Partly Cloudy


It’s no time to watch DVDs, but here are some new ones

By Gary Clift

This is not the season for new DVD rentals and sales. Late in the month, some people will begin buying relatively new movies on home viewing media to give as Christmas presents. In December the weather may turn nasty enough that on some nights some of us will wish to stay home and watch something tasty on our TVs.

But right now we’ve got live theater, concerts, bar bands, football, basketball, volleyball, and other entertainments to fill our evenings, and we have good enough weather that we can get to all these events comfortably. Is it next week when K-State and Manhattan High both have productions of stage musicals running? Who wants to stay home to watch “Turbo” (an animated movie about a fast moving snail) or “Man of Steel” (the latest cinematic attempt to tell the story of Superman) given those live, local alternatives?
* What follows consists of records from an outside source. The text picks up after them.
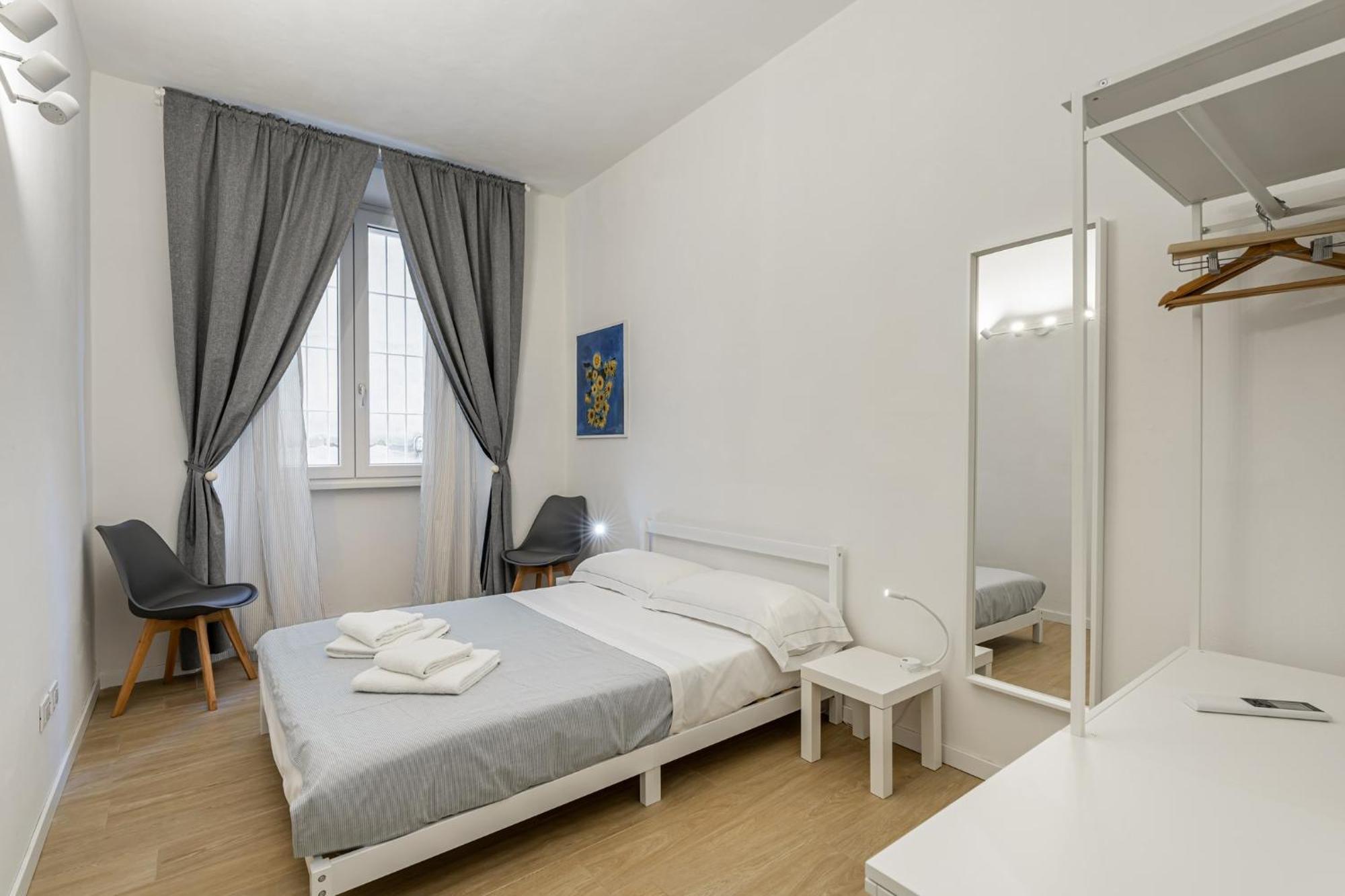 Leilighet Giardino Della Fortezza Modern X6 With Patio *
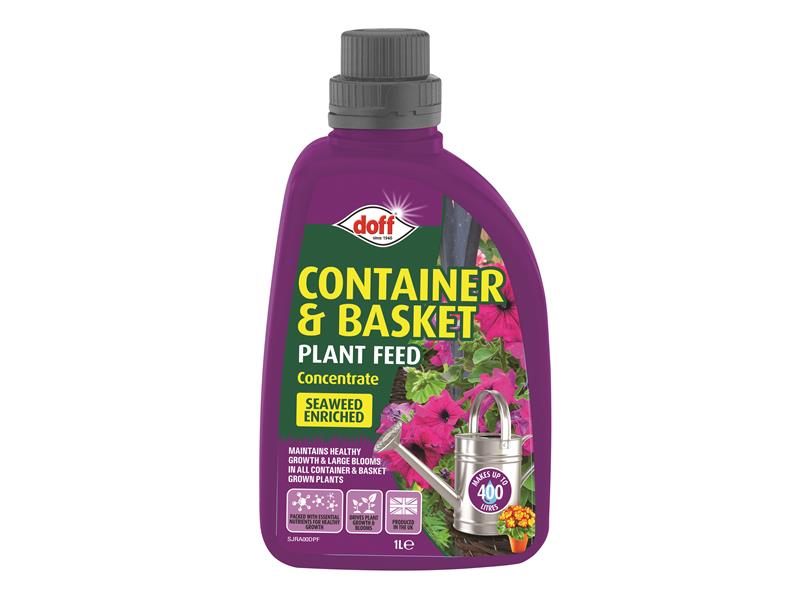 DOFF Container  Basket Feed Concentrate 1 litre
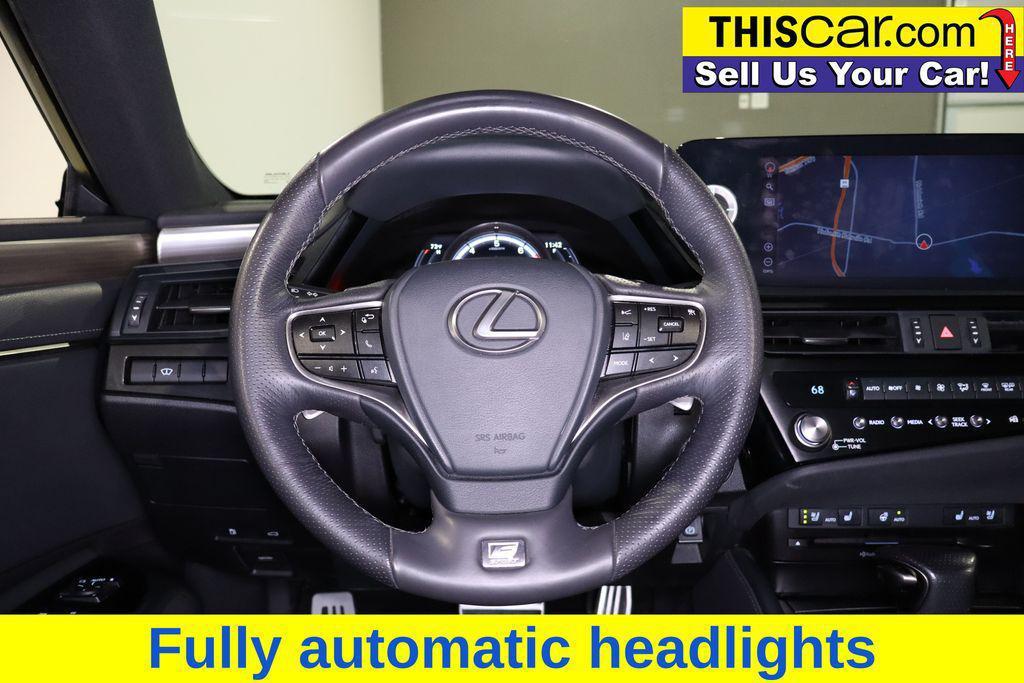 used 2022 Lexus ES 350 car, priced at $30,675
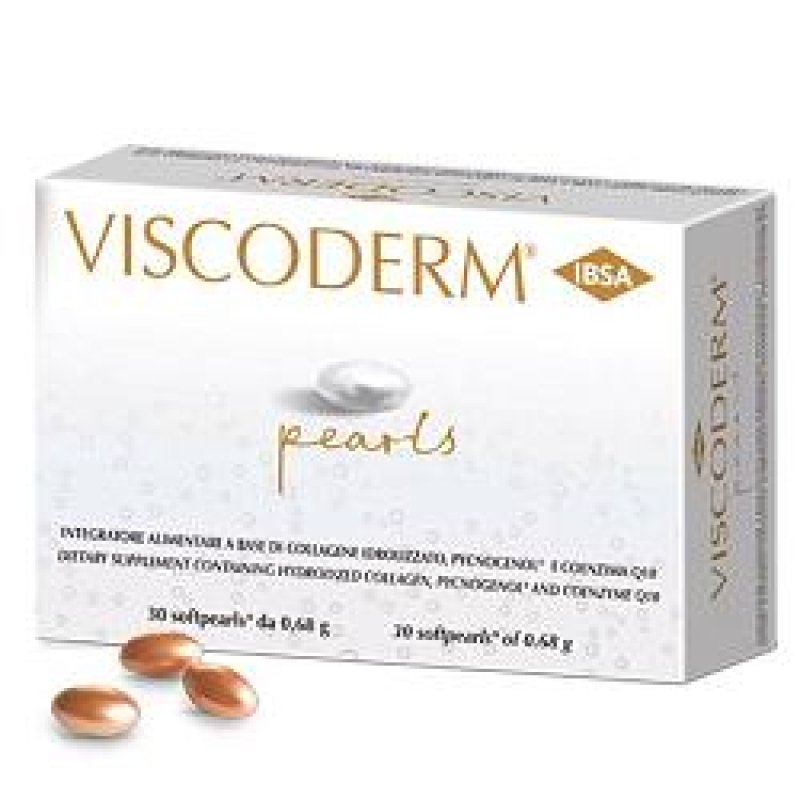 Ibsa Farmaceutici Italia Viscoderm Pearls 30 Capsule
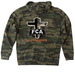 FCA Outdoors, a Forest Camo Heavyweight Camo Pullover Hoodie (back-view)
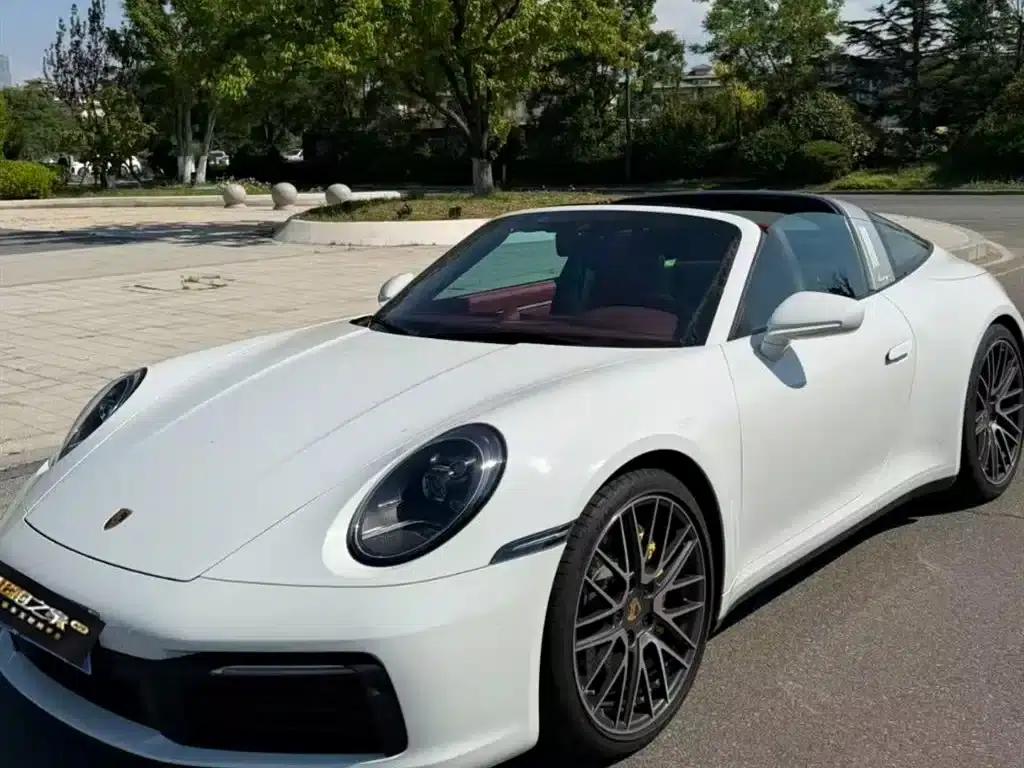 2023 Porsche 911 Targa 4 3.0T — миниатюра 1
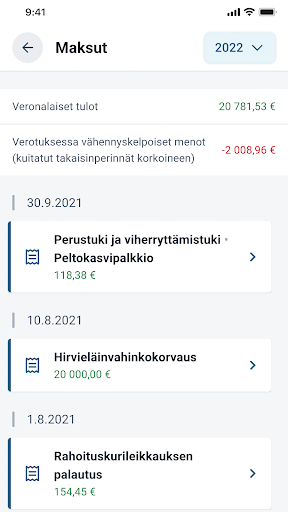 Vipu-mobiili Screen 2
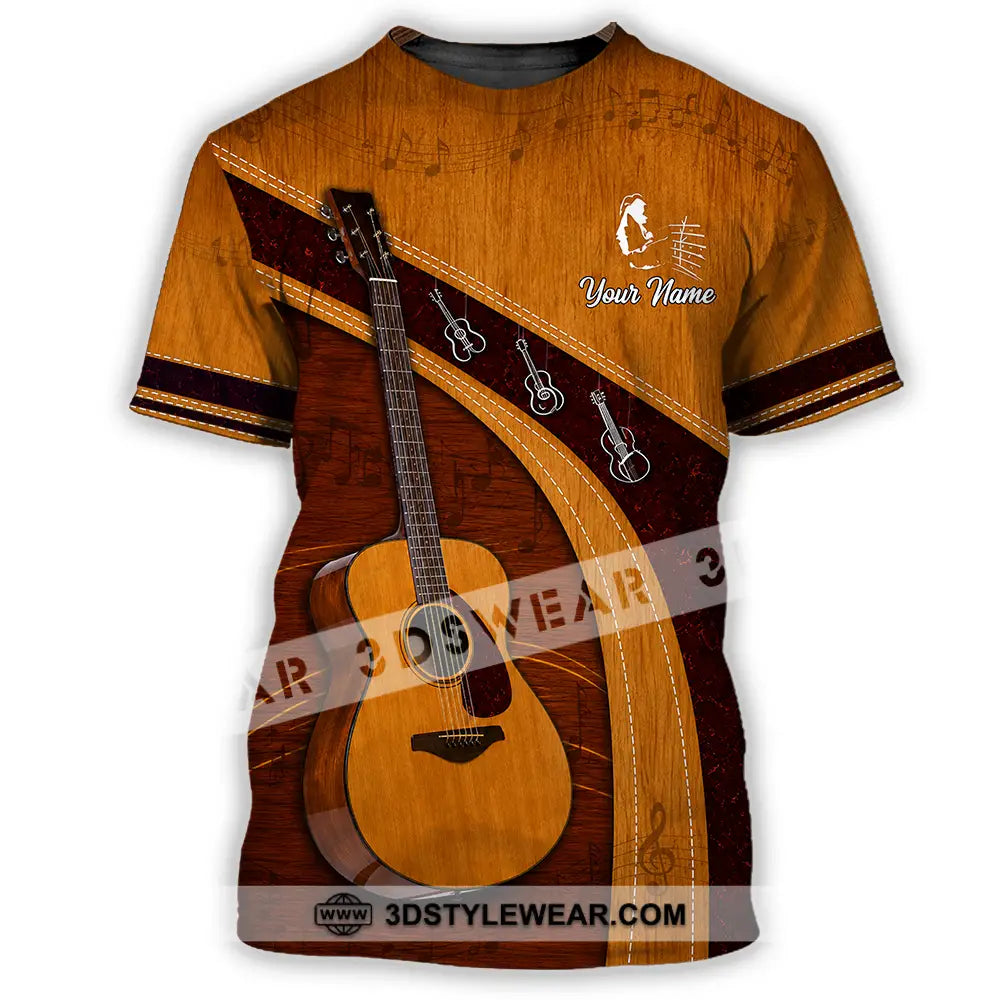 Unisex Shirt - Custom Guitar Shirt - T-Shirt / S - T-shirt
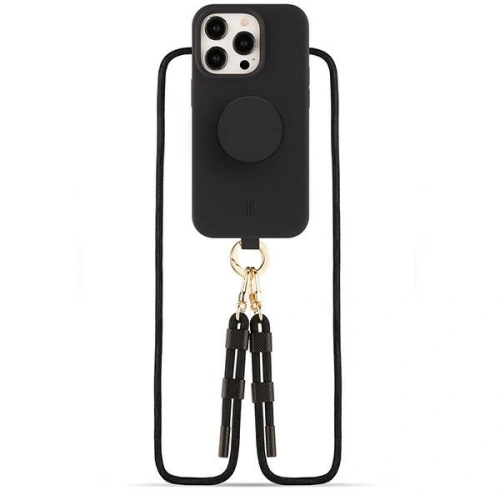 Kup Etui Just Elegance PopGrip Apple iPhone 15 Pro Max černý/black - JEC166 - {ean13} - Sklep Home Screen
Who wants to sit in their own living room to watch “Grown-ups 2” when they could be out watching a basketball game or hearing an orchestra? To be fair, “2” is a better movie than the original Adam Sandler mouse pack film. Its subjects are school bullying, that on-going forced craze, and romantic troubles associated with parenthood. There are some funny jokes in the movie and lots of star cameos, including a funny one by Jon Lovitz. But this is still just an Adam Sandler movie. Is it too late to call the McCain office?

I think I liked “White House Down” a little better, and I can recommend the last two-thirds of it to movie buffs who have seen “Dr. Strangelove,” “Seven Days in May,” and some other movies set on the Capitol mall. German director Roland Emmerich has figured out how all the suspense and reversals work, but is tone deaf about his representations of President Obama, Rush Limbaugh, and other form-filling stereotypes. The result is unintentionally comic, but only if the viewer knows the old movies Emmerich is trying to ape.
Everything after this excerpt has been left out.